Goal of the exercise:
An exact copy is all that is wanted: the lines from the one with "Six stacked rolls of white tape." through the end of the listing below, both included, minus any pictures.

Given information:
* * * * * * * * *
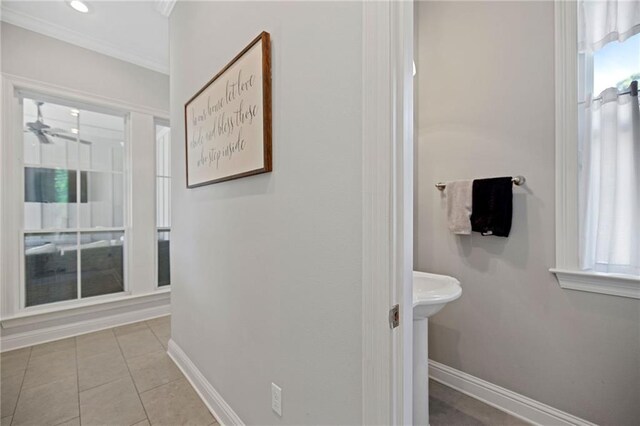 1029 Spring Haven Ln, Madisonville, LA 70447 - bathroom featuring crown molding, baseboards, tile patterned flooring, and a ceiling fan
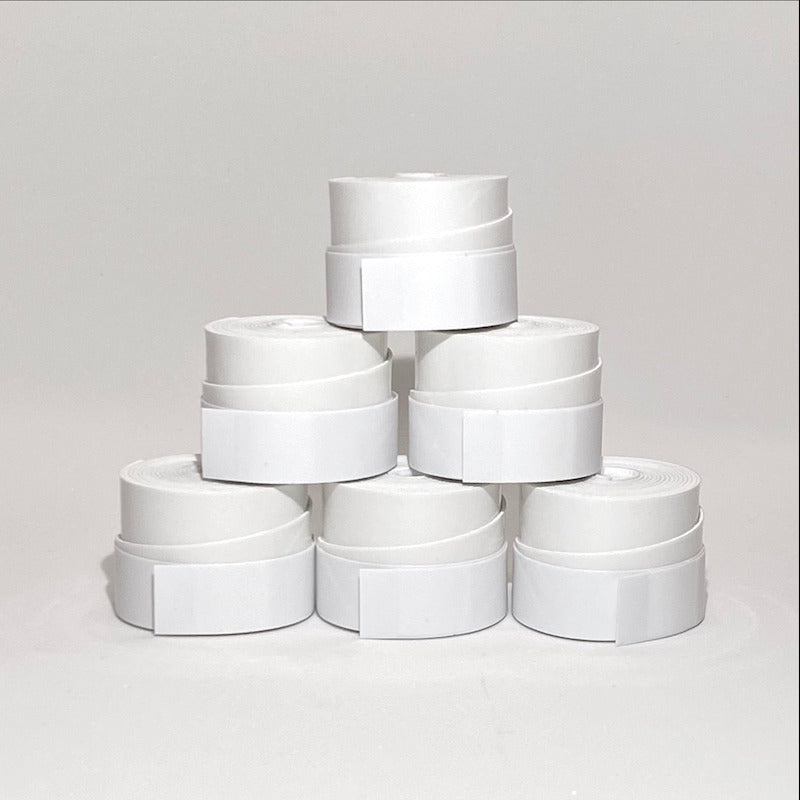 Six stacked rolls of white tape.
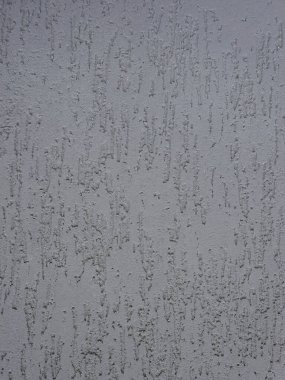 Close-up of the textured surface of decorative facade plaster. Relief, rough structure and play of light and shadow, emphasizes volume. Gray shades. Modern architecture, construction, exterior design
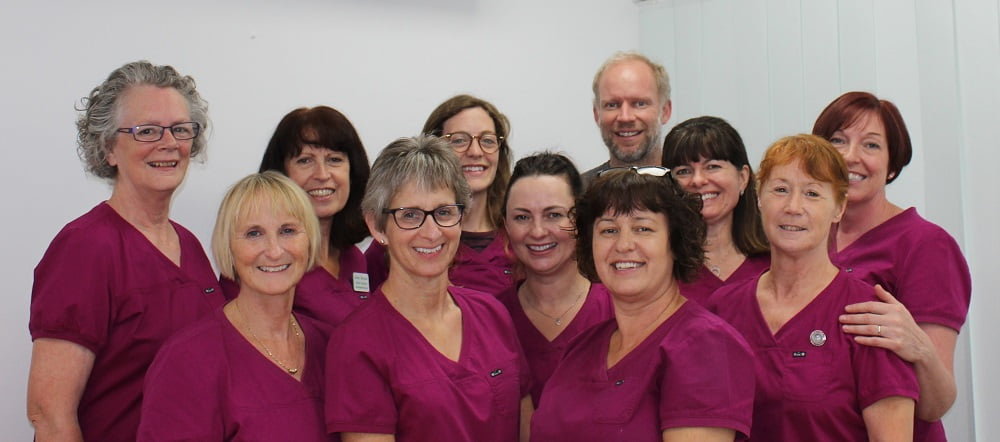 Group photo of the Old Market Dental Practice Team in pink scrubs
* * * * * * * * *
Response area:
 Six stacked rolls of white tape.
 Close-up of the textured surface of decorative facade plaster. Relief, rough structure and play of light and shadow, emphasizes volume. Gray shades. Modern architecture, construction, exterior design
 Group photo of the Old Market Dental Practice Team in pink scrubs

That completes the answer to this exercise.